#### PROBLEM:
In the material below, find the line with "coloriage Leprechaun à" and the line with "Sideview of Machine". Output exactly those two lines and all lines between them, leaving out pictures.

#### RECORDS FOR THE EXERCISE:

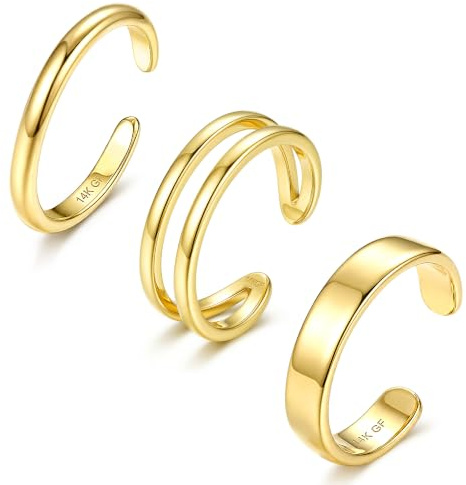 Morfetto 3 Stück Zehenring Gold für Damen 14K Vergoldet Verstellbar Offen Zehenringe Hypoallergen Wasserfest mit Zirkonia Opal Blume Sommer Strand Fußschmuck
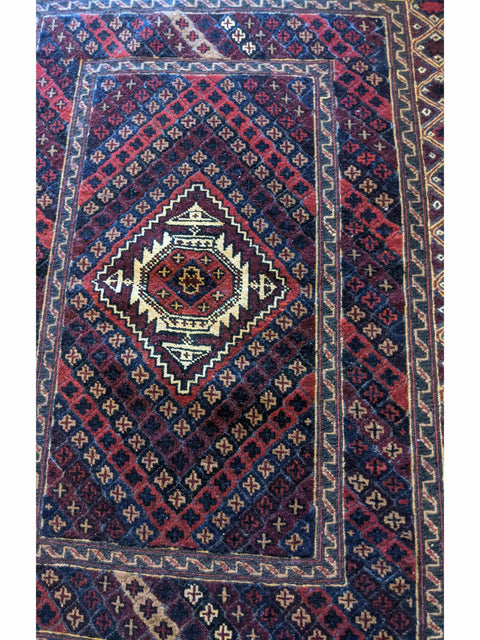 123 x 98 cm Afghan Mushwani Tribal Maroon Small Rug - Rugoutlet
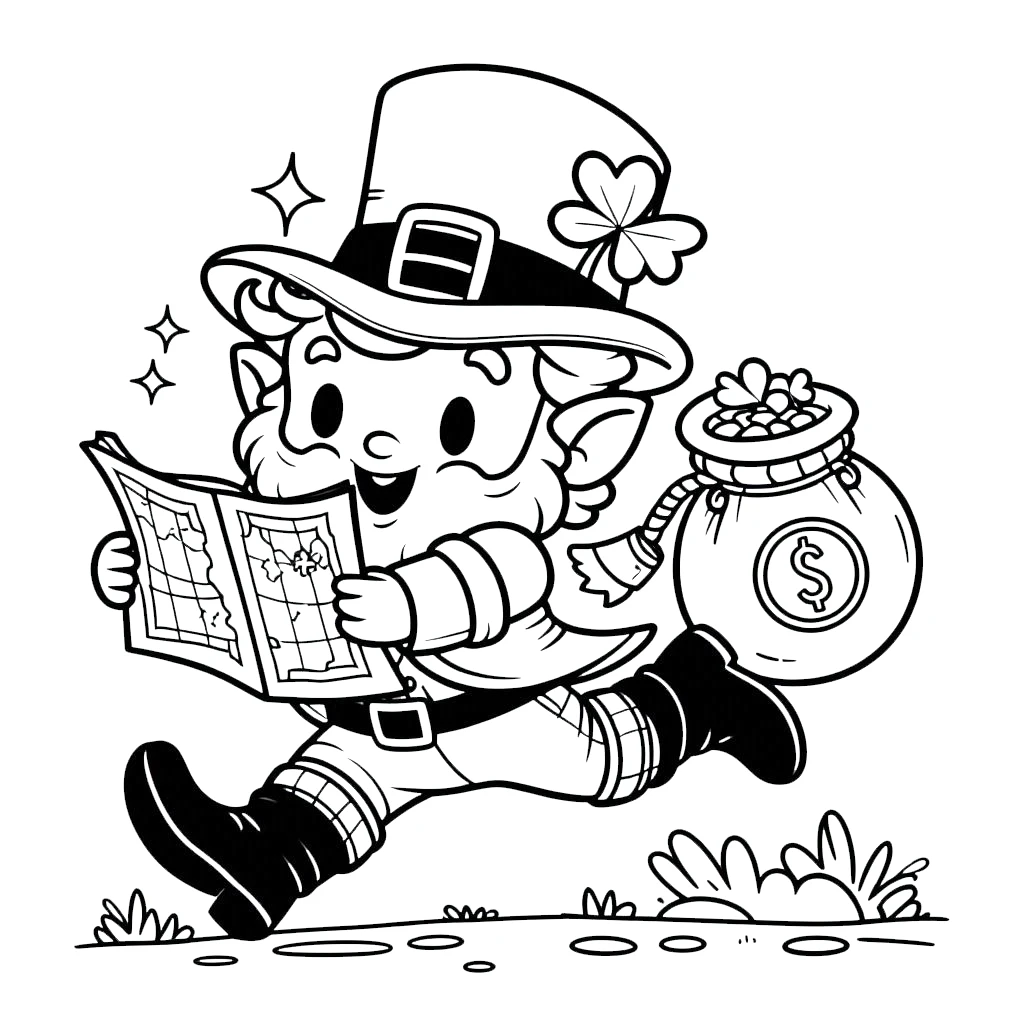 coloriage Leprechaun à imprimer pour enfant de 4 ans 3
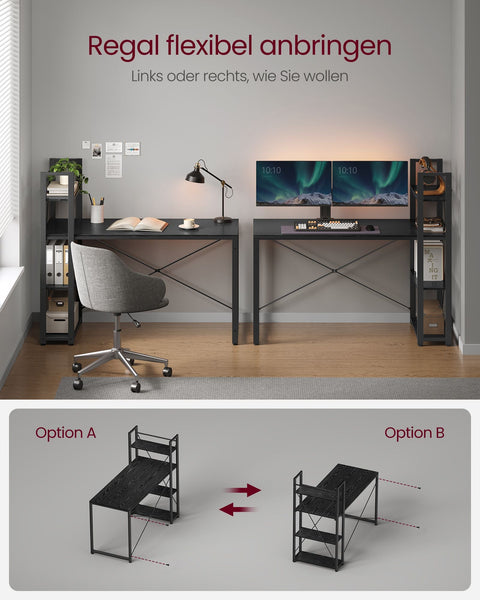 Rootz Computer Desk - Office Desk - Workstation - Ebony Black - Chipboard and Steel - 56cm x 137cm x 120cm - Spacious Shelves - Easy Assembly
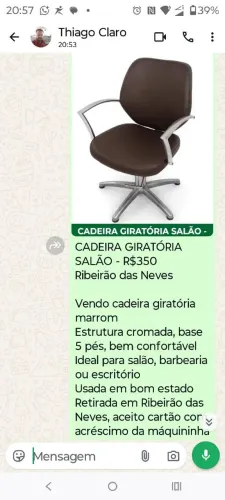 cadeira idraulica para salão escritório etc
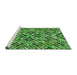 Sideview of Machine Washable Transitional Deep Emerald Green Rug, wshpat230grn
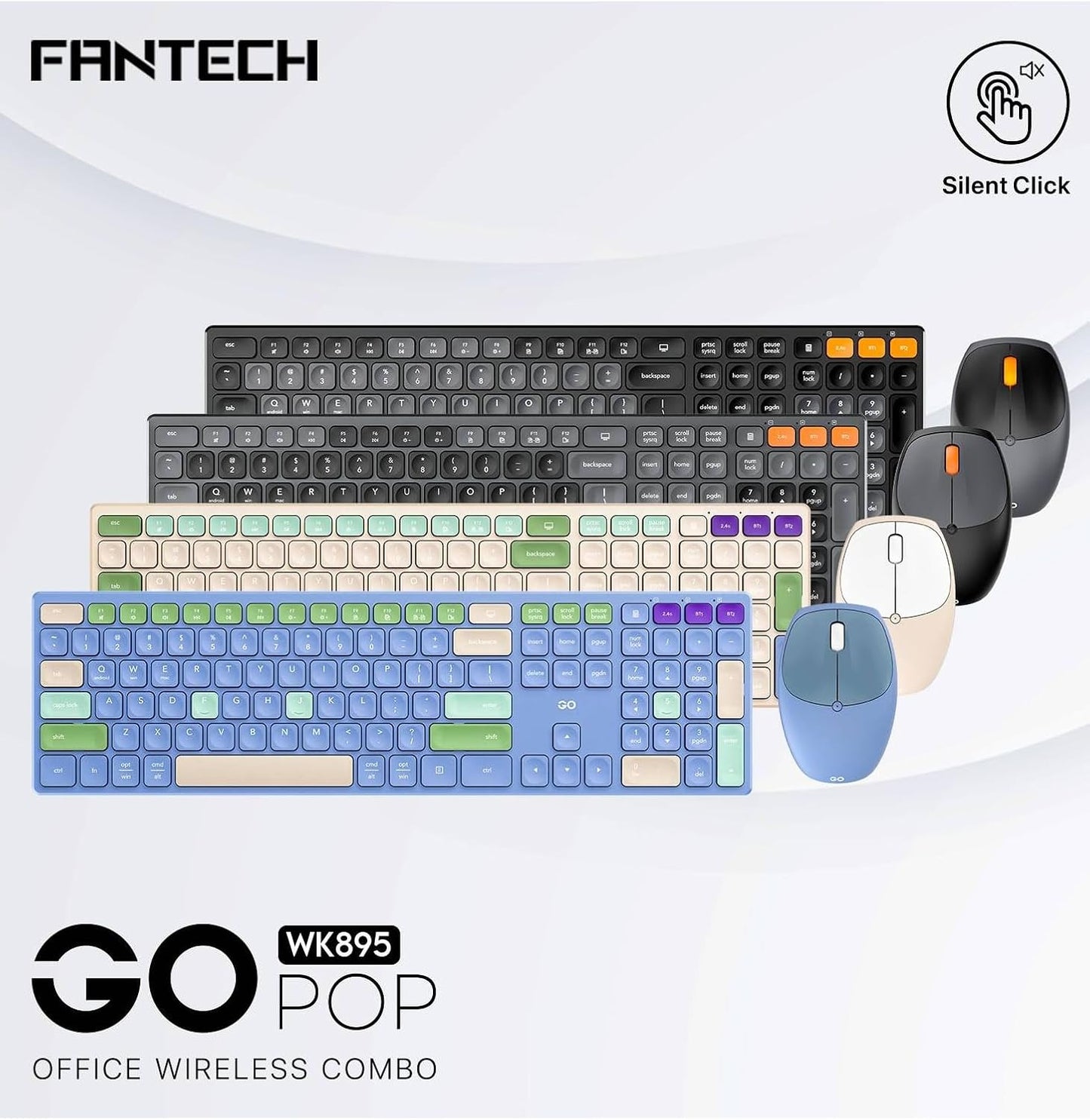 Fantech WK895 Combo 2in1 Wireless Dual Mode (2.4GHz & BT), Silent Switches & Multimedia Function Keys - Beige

---

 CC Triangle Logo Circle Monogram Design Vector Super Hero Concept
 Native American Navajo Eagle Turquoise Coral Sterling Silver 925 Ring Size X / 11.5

#### ANSWER AREA:
 coloriage Leprechaun à imprimer pour enfant de 4 ans 3
 Rootz Computer Desk - Office Desk - Workstation - Ebony Black - Chipboard and Steel - 56cm x 137cm x 120cm - Spacious Shelves - Easy Assembly
 cadeira idraulica para salão escritório etc
 Sideview of Machine Washable Transitional Deep Emerald Green Rug, wshpat230grn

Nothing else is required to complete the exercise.